Two days after the robot attack there's a thunderstorm that covers the entire state of New Mexico and lasts for an hour and a half. When it dissipates Tony calls Jane Foster and tells her to enjoy the reunion with her demigod boyfriend and then make sure he gets his ass to New York by the end of the week.
He doesn't expect the call three days later asking to arrange a ride from the airport.
Bruce is waiting with the others in the main living room of the tower. It's the first time he's seen Clint since the shooting range and he's made a point to sit as far away as possible from where the archer is perched on the armrest of Natasha's chair. Pepper's joined the group, and Bruce is asking her every question he can think of about running Stark Industries and managing Tony at the same time so he doesn't have to sit in silence and try to figure out what to do with his eyes and hands.
Clint keeps looking at him. Bruce doesn't know why.
The elevator dings and opens to reveal Tony followed by the much larger form of Thor. The god is holding a small suitcase in one hand and has the other wrapped around the waist of a wiry young woman. Mjolnir hangs from his belt, and Bruce wonders how the hell he got it past the TSA.
"My friends, it is so good to see you again!" The Asgardian's voice makes the expanse of the room feel confining. "I have brought my beloved, Lady Jane Foster, to meet you all."
"Hi," Jane says with a little wave. "I've been watching you guys on the news, and on more celebrity gossip sites than I should probably admit to. It's nice to meet you in person."
"Great," Tony says. "There will be plenty of time to talk over dinner at Le Bernardin, for now let me show you the rest of the house. You guys only need one room, right?"
"Yeah," Jane says with a blush.
Thor beams and Tony looks elated. "Finally! Another normal couple who does normal couple stuff. Pepper, weren't you just saying something about wanting to do the whole double date thing?"
Pepper's already making her way across the room. She takes Jane's hand with both of hers. "I was explaining that, when we go out, I like to have a real conversation without an eighty percent chance of you dropping into a monologue about your latest invention," she says to Tony over her shoulder. "You were the one who said we might need to bring another couple in if there's going to be any hope of lowering those odds."
Jane laughs. "Having an actual dinner conversation where I don't have to ask what every third object or place mentioned is sounds wonderful."
Pepper joins their tour, and the four walk off, leaving silence in their wake.
Clint breaks it. "I think we're supposed to be insulted," he says to Natasha.
"Are you saying you want to go on a double date with Tony and Pepper?" she asks.
"I just want to watch you make small talk for two hours while also trying to enjoy yourself."
"What do you think all of my conversations with you are?" she asks, smirking at him.
Clint raises a hand to his chest. "You wound me, Romanoff!" he says, rising from the armrest and crossing the room in a huff.
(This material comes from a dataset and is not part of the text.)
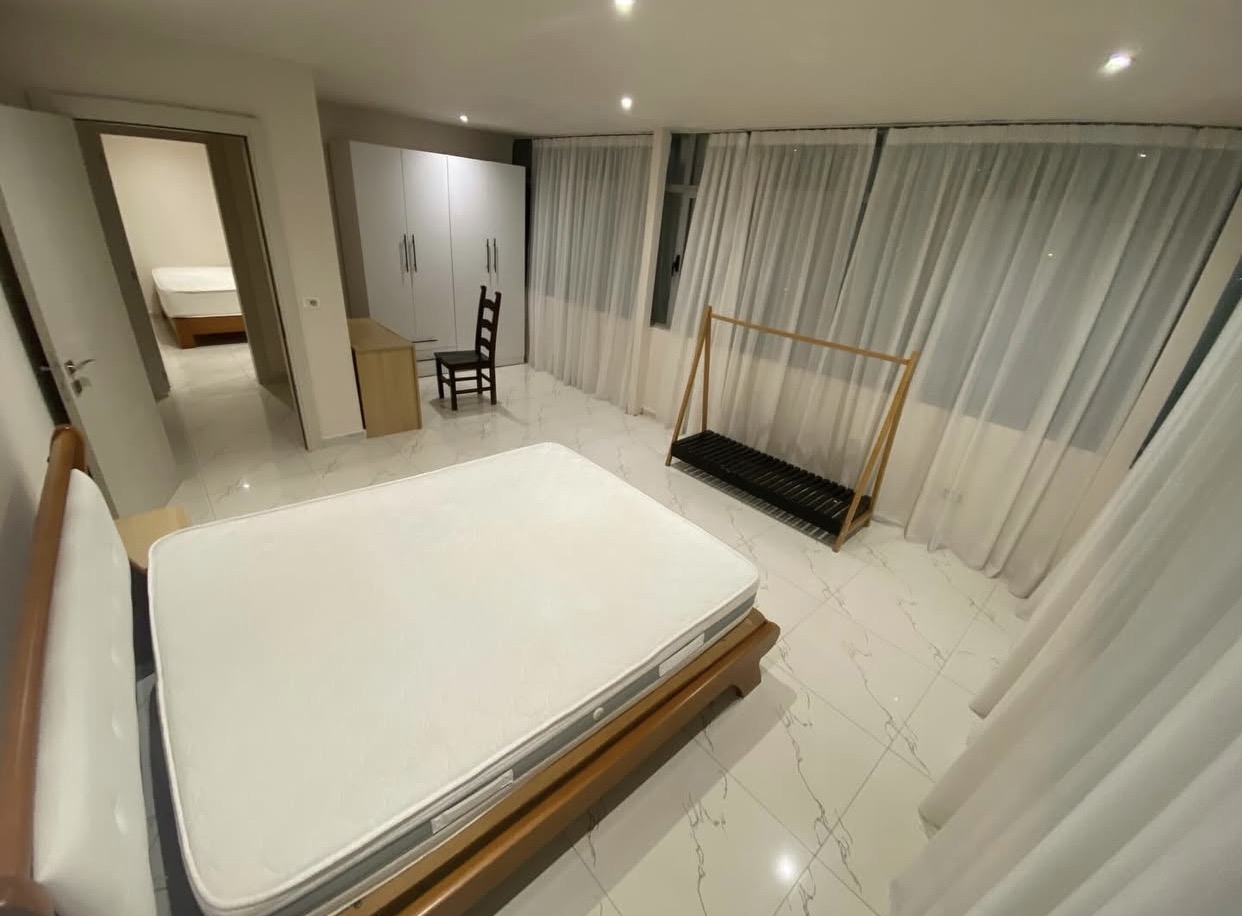 🏠 Jepet Apartament 2+1 me Qira te ish-Tregu Elektrik, Tiranë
He lands in the seat vacated by Pepper and shakes his head at Bruce. "This is what I get for trying to be friends with a black widow."
"You could always catch her in a cup and move her outside," Bruce offers quietly.
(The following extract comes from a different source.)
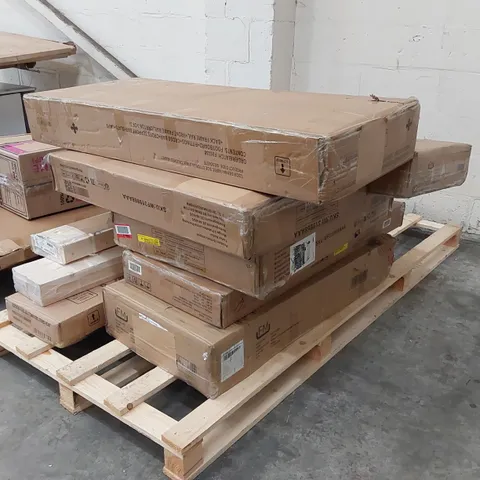 PALLET OF ASSORTED FURNITURE PARTS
Clint drops his head back and laughs, eyes closed and mouth wide open. Bruce glances from him to Natasha to make sure she's not insulted, and catches her smiling at him conspiratorially. Bruce frowns in confusion and Natasha shakes the expression away.
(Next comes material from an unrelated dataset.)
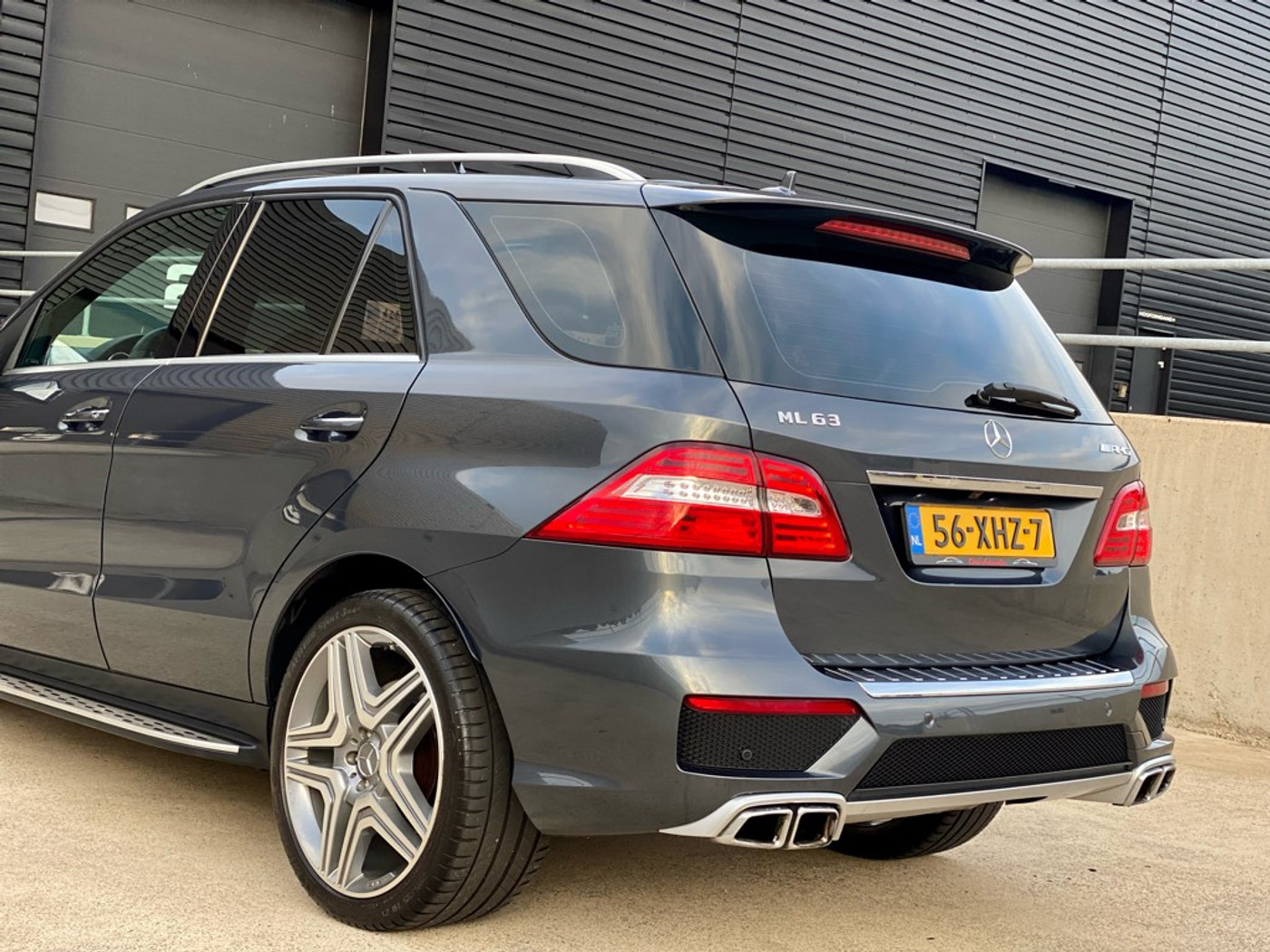 Foto van Mercedes-Benz ML 63 AMG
Maybe he's just reading her wrong.
Steve's the one who brings up the question that's been buzzing in the back of Bruce's mind since he first heard about the lightning over New Mexico. He asks it as the servers clear away the forth course to make room for the fifth. "Thor, what ended up happening to Loki?"
Thor's expression falls. "My brother is being punished for his crimes."
"From what I've read, though, when you tried to exterminate a race of aliens you only had to spend a few days in exile before getting your powers back," Steve presses.
"Do you dare to doubt the Allfather's judgment?" Thor demands, voice booming. Tony has bought out the restaurant for the evening, so there aren't any other patrons they need to worry about overhearing, but several of the servers are trading glances.
Steve rolls his shoulders and straightens his spine. "I just want to be sure he won't be coming back here anytime soon."
"I assure you that my brother is paying for what he has done to Midgard," Thor says darkly. "If he is ever allowed to return here—and, unless his circumstances change greatly, that is unlikely—it will not be until long past the close of your lifetime."
Steve looks less than convinced, but Thor's stony expression doesn't allow for any further questioning. Tony turns to Jane and asks her about her latest research, and after reaching for Thor's hand, she begins to explain what she's been working on.
The evening slowly recovers from there.
It's sometime in the early morning when Bruce wakes to the sound of JARVIS' calm voice.
"Sir," the AI says, "Tony has requested the team's immediate presence in the living room."
"Thanks," Bruce mumbles, digging his palms into his eye sockets. "Tell him I'm on my way."
He can hear Tony before he sees him. Muffled shouting fills the air even through the elevator doors. They open to reveal that Clint and Steve have beat Bruce to the living room. Tony is standing inches away from Clint, screaming in his face.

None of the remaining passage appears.